[EXERCISE DATA]
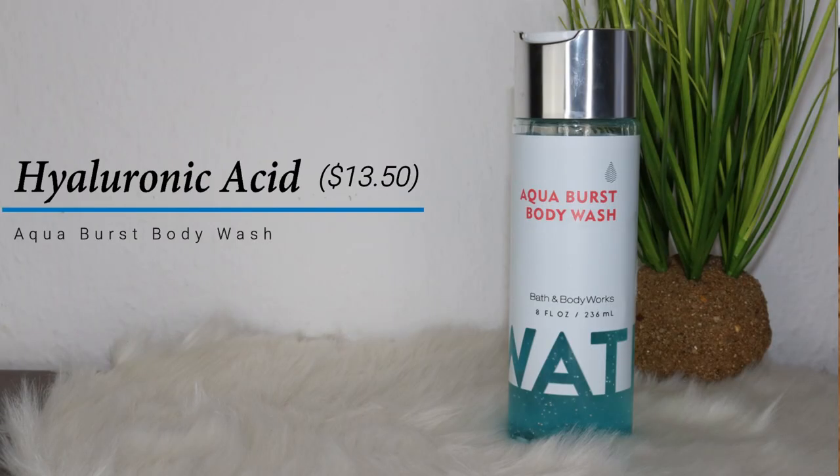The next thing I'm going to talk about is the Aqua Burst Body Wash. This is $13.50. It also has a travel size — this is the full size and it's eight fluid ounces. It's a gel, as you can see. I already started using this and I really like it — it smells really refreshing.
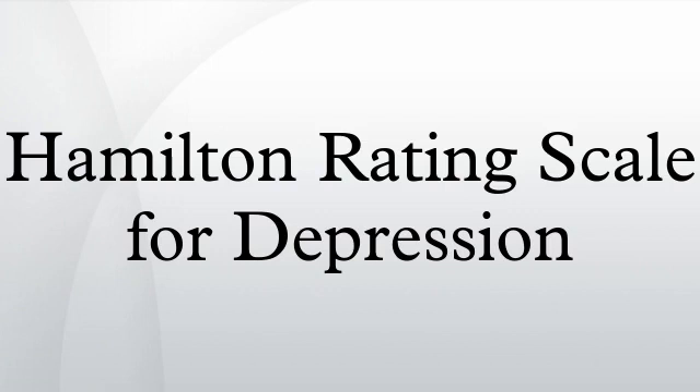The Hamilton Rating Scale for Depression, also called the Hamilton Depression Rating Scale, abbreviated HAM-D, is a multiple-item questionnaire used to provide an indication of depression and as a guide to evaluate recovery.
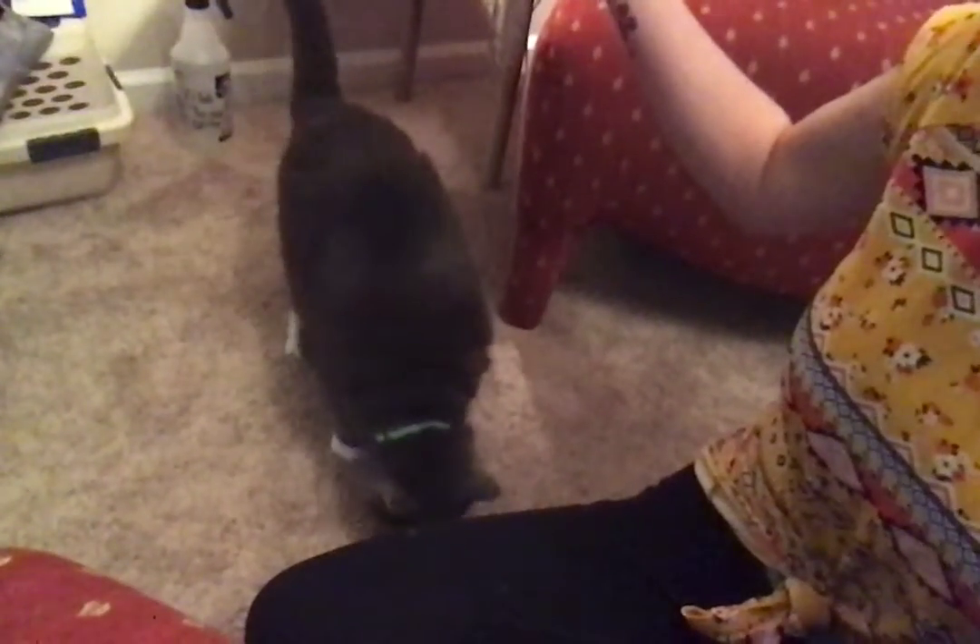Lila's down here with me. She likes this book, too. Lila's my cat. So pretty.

* * *

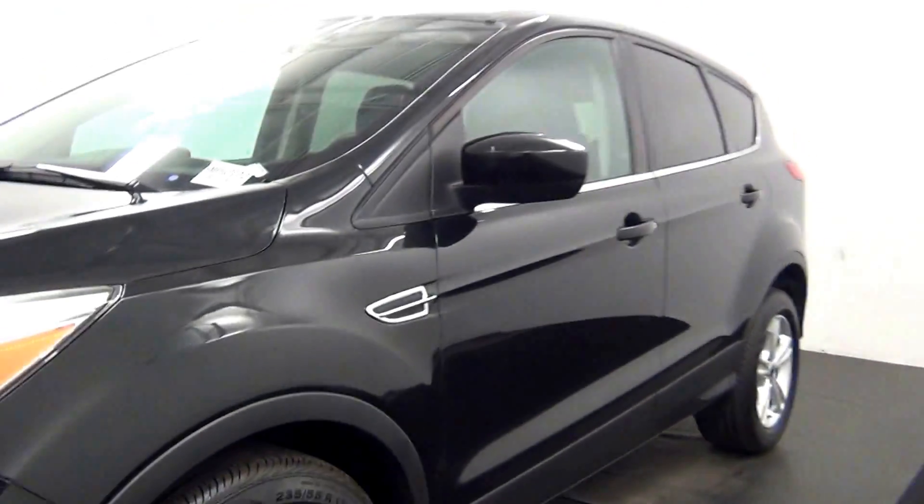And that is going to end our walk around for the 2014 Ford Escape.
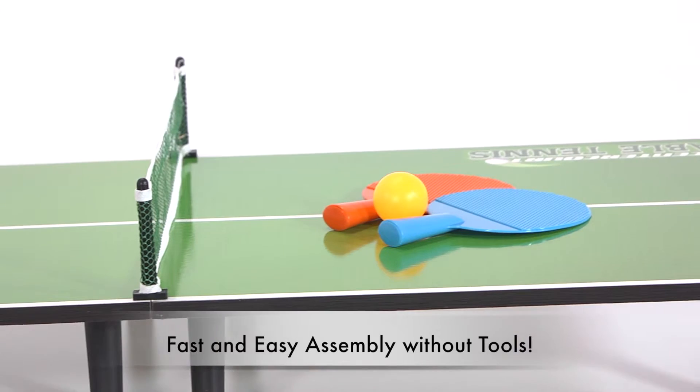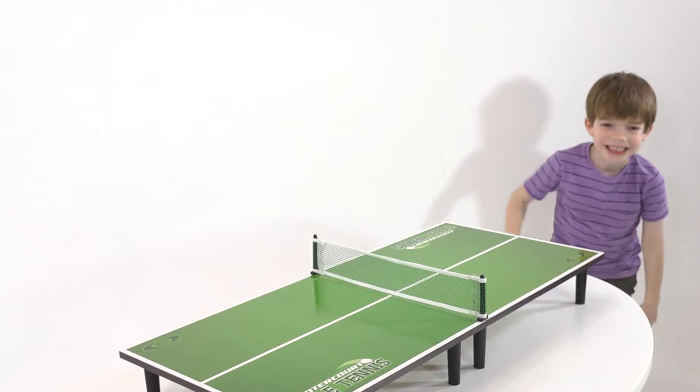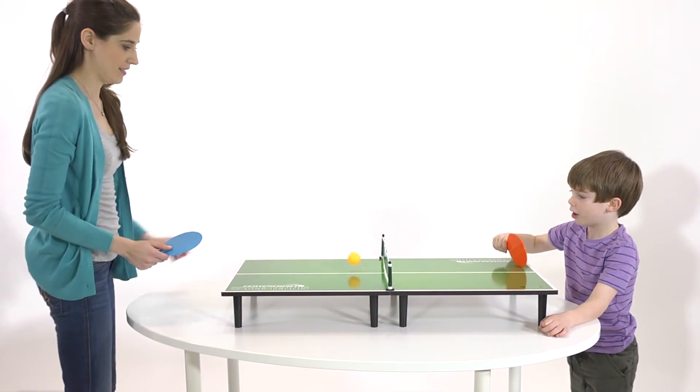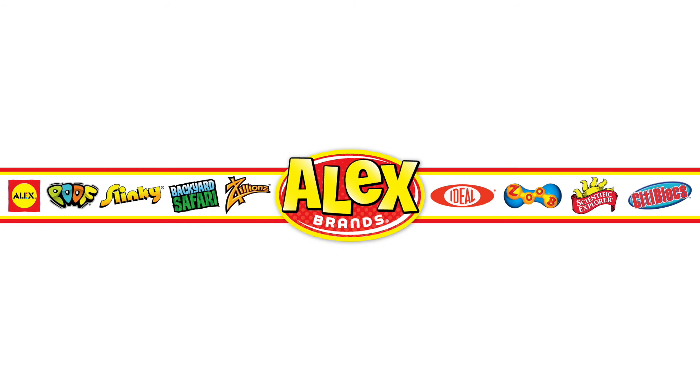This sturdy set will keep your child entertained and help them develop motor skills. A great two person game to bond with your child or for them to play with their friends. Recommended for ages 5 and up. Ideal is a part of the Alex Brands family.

[EXERCISE BRIEF] The lines to reproduce run from the one above containing "And that is" through the one containing "This sturdy set". Copy them exactly and leave out all pictures.

[RESULT OF THE TASK]
And that is going to end our walk around for the 2014 Ford Escape.
This sturdy set will keep your child entertained and help them develop motor skills. A great two person game to bond with your child or for them to play with their friends. Recommended for ages 5 and up. Ideal is a part of the Alex Brands family.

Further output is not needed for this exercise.